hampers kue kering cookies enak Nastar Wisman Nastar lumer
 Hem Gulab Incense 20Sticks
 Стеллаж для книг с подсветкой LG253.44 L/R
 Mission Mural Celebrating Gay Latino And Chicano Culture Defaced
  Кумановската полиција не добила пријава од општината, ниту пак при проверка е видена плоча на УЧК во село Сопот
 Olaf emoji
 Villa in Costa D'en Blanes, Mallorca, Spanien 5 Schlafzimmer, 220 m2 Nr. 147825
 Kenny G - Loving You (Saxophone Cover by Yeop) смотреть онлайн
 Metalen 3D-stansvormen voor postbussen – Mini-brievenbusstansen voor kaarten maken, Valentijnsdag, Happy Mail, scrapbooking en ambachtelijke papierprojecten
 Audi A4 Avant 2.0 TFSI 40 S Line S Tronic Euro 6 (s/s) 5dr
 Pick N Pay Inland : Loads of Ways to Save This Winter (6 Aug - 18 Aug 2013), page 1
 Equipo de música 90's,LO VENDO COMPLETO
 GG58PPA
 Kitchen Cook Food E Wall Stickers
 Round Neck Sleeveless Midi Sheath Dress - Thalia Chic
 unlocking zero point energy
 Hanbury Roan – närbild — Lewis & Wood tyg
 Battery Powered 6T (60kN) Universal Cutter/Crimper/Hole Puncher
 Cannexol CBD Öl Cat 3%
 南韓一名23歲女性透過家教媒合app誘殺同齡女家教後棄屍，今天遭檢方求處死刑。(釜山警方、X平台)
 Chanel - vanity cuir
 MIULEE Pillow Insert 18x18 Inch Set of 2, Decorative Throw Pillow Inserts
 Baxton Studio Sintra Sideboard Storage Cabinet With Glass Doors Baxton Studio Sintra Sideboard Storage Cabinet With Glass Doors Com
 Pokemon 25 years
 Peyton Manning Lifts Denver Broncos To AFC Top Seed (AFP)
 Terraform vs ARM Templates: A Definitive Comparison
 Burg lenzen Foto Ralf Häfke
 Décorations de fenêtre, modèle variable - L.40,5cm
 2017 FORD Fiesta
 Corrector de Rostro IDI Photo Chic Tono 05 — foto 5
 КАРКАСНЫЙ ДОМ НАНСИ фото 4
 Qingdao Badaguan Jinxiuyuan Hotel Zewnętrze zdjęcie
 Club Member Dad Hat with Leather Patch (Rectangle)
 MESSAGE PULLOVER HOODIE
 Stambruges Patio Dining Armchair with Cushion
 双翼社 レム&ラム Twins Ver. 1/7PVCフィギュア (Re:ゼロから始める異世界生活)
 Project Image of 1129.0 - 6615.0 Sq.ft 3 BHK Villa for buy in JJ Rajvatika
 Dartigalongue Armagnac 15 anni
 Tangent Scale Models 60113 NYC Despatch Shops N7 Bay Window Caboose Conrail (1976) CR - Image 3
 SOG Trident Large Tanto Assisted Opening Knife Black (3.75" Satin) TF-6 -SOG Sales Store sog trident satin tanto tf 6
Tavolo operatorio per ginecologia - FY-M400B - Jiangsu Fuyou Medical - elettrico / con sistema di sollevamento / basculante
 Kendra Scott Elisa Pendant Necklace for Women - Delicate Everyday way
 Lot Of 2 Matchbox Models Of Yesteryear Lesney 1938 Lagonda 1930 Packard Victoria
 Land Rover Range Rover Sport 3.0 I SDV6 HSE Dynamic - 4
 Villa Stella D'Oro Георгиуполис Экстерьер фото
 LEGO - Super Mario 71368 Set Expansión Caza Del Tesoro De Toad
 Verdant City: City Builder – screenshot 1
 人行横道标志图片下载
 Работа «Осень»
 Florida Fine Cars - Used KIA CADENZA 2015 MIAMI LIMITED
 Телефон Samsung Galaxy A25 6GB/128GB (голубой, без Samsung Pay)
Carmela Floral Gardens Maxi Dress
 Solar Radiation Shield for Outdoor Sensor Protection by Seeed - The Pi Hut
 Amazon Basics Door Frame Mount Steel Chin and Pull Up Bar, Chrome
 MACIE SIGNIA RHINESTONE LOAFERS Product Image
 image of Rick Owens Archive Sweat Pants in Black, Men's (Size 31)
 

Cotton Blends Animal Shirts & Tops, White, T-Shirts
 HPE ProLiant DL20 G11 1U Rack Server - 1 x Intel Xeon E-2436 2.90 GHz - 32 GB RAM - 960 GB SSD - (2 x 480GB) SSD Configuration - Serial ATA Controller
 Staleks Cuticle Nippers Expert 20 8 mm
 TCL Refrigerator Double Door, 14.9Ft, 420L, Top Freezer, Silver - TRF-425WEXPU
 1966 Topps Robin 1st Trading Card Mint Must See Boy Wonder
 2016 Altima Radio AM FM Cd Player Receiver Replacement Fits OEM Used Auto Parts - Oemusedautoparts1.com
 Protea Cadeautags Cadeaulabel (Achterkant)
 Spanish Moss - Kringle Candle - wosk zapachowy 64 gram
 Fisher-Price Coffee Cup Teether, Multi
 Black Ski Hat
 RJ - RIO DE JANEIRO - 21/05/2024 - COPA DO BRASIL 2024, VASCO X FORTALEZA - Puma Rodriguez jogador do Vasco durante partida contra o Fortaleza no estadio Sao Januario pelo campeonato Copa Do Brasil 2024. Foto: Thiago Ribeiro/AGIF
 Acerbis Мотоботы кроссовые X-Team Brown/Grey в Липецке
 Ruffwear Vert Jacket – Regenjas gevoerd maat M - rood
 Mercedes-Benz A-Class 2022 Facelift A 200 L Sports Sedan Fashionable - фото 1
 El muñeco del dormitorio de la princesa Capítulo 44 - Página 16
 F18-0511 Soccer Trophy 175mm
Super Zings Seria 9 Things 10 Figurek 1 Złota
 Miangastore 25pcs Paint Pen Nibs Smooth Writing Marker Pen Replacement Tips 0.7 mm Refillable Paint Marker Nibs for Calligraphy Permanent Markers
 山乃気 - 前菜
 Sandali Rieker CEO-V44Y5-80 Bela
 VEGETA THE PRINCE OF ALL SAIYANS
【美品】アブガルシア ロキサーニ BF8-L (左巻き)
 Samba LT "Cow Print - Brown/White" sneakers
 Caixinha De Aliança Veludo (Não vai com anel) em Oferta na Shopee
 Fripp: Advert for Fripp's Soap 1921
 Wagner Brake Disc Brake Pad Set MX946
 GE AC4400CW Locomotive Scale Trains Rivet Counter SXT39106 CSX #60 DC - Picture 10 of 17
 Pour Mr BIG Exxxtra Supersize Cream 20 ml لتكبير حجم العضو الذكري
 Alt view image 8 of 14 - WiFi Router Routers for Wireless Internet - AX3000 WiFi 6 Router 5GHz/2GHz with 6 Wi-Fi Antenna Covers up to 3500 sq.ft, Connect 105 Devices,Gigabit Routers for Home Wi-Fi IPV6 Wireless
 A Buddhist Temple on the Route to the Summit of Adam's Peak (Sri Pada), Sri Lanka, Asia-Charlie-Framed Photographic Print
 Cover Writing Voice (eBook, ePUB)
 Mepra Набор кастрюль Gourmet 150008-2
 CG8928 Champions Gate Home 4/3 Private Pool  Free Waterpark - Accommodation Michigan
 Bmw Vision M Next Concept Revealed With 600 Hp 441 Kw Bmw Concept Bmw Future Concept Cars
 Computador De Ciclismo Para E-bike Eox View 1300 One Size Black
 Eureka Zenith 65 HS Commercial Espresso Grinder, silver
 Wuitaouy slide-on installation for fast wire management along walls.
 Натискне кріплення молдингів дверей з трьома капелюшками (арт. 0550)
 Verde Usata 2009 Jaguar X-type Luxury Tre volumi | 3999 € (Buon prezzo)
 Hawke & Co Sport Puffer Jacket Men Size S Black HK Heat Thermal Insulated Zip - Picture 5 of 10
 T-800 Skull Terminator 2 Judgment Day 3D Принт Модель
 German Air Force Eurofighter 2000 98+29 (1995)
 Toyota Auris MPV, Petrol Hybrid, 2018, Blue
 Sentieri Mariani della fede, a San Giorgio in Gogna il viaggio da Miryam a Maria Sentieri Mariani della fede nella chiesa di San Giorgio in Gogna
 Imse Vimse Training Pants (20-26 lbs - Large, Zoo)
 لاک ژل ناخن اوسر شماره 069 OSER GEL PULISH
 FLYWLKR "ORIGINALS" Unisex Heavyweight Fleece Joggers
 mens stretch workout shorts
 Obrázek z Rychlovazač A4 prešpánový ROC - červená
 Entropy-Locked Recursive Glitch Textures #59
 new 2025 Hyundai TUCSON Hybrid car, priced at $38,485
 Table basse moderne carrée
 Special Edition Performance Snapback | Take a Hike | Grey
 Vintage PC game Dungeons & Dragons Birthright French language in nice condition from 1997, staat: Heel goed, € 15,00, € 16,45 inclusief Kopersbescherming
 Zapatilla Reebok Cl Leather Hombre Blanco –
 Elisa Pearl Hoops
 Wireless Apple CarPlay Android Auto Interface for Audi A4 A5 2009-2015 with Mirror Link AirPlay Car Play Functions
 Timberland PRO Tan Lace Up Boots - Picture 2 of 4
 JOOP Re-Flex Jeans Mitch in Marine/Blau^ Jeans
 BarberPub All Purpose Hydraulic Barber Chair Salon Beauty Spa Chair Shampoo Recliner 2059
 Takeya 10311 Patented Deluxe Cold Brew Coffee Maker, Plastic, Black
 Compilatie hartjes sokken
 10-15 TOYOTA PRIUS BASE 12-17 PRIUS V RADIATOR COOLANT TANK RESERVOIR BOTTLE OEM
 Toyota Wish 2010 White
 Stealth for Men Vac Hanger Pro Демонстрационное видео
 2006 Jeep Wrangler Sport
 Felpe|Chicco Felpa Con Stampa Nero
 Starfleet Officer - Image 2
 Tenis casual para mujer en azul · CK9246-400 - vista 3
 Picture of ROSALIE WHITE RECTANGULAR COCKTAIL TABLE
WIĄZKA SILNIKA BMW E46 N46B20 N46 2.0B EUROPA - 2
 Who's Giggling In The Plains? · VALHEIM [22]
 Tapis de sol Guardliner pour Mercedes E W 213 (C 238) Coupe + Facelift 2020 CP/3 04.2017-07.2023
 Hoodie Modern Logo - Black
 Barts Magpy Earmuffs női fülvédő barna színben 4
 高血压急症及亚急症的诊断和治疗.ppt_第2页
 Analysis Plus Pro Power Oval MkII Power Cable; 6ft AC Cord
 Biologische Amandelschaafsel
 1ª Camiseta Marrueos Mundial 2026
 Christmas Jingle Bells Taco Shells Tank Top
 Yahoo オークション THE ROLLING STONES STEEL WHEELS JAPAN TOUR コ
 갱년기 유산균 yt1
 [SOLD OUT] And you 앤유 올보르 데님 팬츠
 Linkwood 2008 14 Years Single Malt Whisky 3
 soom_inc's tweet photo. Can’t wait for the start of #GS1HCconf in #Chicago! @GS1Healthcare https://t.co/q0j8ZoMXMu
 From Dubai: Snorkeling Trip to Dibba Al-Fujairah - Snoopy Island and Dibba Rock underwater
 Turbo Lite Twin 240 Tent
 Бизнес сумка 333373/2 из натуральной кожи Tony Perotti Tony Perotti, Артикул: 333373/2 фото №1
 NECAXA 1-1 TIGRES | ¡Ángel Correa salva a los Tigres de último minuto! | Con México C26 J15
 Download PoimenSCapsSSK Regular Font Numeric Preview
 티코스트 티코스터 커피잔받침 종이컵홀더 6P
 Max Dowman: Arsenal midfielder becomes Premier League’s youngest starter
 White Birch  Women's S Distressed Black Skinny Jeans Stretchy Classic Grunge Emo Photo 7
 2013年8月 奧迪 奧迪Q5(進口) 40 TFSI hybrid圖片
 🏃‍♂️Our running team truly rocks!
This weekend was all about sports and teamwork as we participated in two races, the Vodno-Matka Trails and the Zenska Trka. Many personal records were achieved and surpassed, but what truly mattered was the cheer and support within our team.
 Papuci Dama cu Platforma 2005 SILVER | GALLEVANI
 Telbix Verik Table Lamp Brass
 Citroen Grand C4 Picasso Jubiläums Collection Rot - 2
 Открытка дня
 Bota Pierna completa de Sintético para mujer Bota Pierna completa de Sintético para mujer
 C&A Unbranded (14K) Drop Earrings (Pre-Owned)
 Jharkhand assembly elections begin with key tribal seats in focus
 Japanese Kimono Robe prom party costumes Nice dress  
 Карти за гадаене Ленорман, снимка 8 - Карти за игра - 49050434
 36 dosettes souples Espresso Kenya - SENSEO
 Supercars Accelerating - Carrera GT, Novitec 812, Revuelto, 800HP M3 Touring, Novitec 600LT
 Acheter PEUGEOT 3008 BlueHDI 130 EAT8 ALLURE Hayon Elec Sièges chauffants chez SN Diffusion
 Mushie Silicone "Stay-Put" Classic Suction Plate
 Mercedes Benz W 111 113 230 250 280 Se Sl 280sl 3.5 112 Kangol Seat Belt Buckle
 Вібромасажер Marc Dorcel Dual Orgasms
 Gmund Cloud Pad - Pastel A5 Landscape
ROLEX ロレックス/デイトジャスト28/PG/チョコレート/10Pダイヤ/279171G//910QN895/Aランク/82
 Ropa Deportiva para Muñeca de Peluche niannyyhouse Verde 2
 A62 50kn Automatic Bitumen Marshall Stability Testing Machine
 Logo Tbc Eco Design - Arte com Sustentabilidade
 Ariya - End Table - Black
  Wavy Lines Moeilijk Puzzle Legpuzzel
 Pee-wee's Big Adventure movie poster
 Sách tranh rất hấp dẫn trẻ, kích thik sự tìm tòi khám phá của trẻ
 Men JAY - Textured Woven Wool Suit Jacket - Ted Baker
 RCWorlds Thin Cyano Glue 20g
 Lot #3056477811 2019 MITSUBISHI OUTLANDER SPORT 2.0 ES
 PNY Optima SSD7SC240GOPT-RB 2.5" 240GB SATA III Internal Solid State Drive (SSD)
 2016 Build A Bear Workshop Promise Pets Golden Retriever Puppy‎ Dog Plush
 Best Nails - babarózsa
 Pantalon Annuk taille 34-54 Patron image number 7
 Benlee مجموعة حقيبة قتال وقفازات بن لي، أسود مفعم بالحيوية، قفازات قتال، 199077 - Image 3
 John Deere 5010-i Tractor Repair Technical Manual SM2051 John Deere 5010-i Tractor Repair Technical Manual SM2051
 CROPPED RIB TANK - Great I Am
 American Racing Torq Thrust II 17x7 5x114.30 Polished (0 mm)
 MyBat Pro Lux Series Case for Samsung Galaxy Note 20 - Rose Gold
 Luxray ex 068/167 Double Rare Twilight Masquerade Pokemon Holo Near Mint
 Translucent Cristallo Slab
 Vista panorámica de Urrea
********
WHAT IS NEEDED — Output each line of the records above exactly, beginning at the first, and stop once the line containing "Kenny G - Loving" has been output.

WRITTEN SOLUTION —
hampers kue kering cookies enak Nastar Wisman Nastar lumer
 Hem Gulab Incense 20Sticks
 Стеллаж для книг с подсветкой LG253.44 L/R
 Mission Mural Celebrating Gay Latino And Chicano Culture Defaced
  Кумановската полиција не добила пријава од општината, ниту пак при проверка е видена плоча на УЧК во село Сопот
 Olaf emoji
 Villa in Costa D'en Blanes, Mallorca, Spanien 5 Schlafzimmer, 220 m2 Nr. 147825
 Kenny G - Loving You (Saxophone Cover by Yeop) смотреть онлайн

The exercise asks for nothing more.